* **Task**
Starting at the line holding "amyleefans01231.png" and finishing at the line holding "Screen Shot 2020-01-23 at 7.42.06 AM", transcribe the material exactly, keeping both ends but no pictures.

* **Exercise inputs**
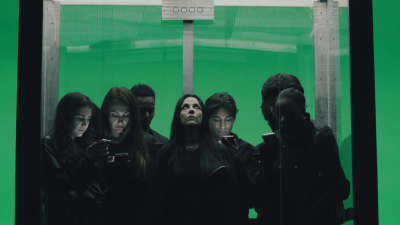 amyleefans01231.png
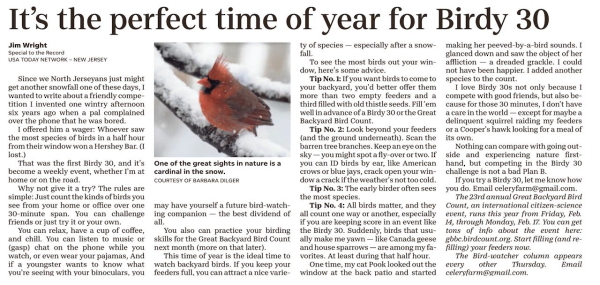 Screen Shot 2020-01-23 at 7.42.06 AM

* * *

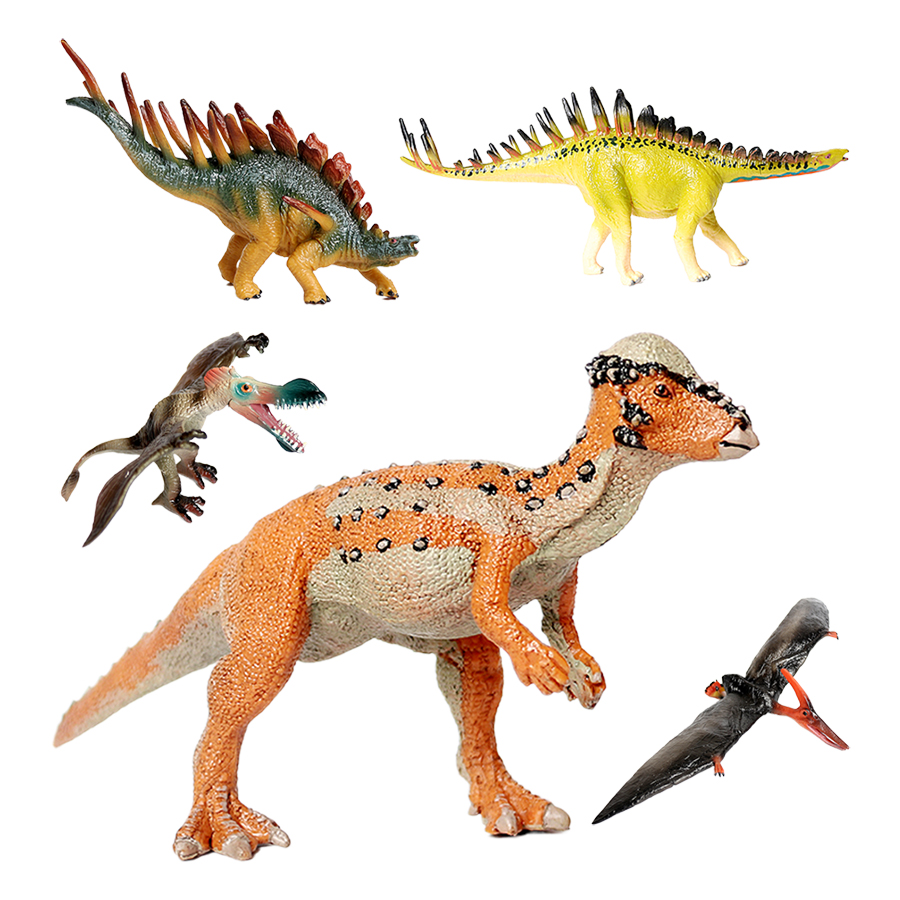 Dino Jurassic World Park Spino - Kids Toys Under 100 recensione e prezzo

...

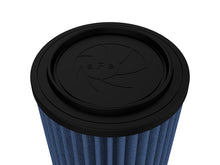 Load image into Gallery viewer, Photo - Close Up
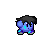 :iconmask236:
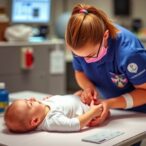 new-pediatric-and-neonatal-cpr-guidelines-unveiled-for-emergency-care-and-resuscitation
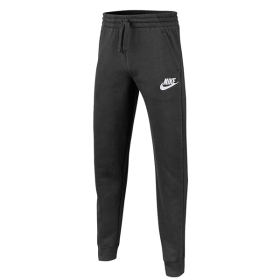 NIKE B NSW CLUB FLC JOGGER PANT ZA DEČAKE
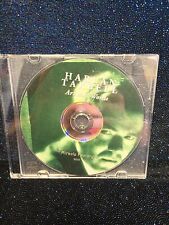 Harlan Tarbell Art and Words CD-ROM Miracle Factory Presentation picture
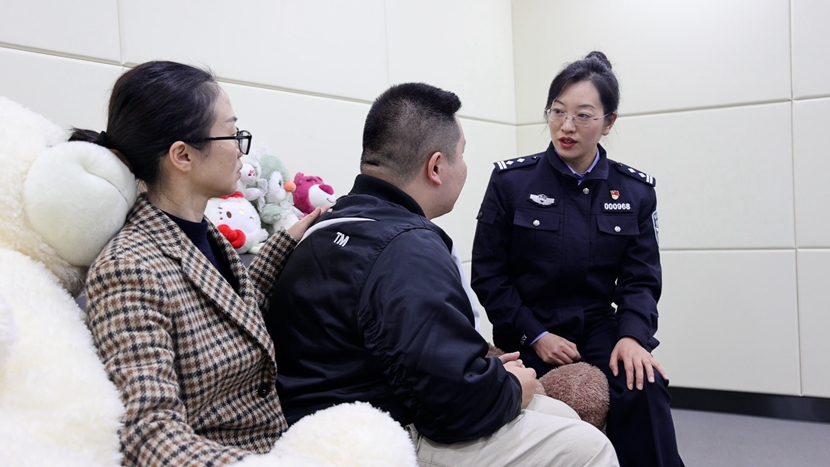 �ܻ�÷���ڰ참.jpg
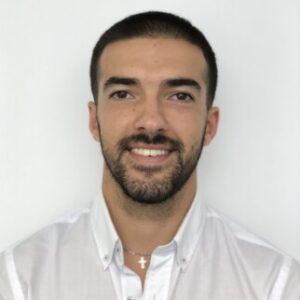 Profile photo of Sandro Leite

* **Written response**
 amyleefans01231.png
 Screen Shot 2020-01-23 at 7.42.06 AM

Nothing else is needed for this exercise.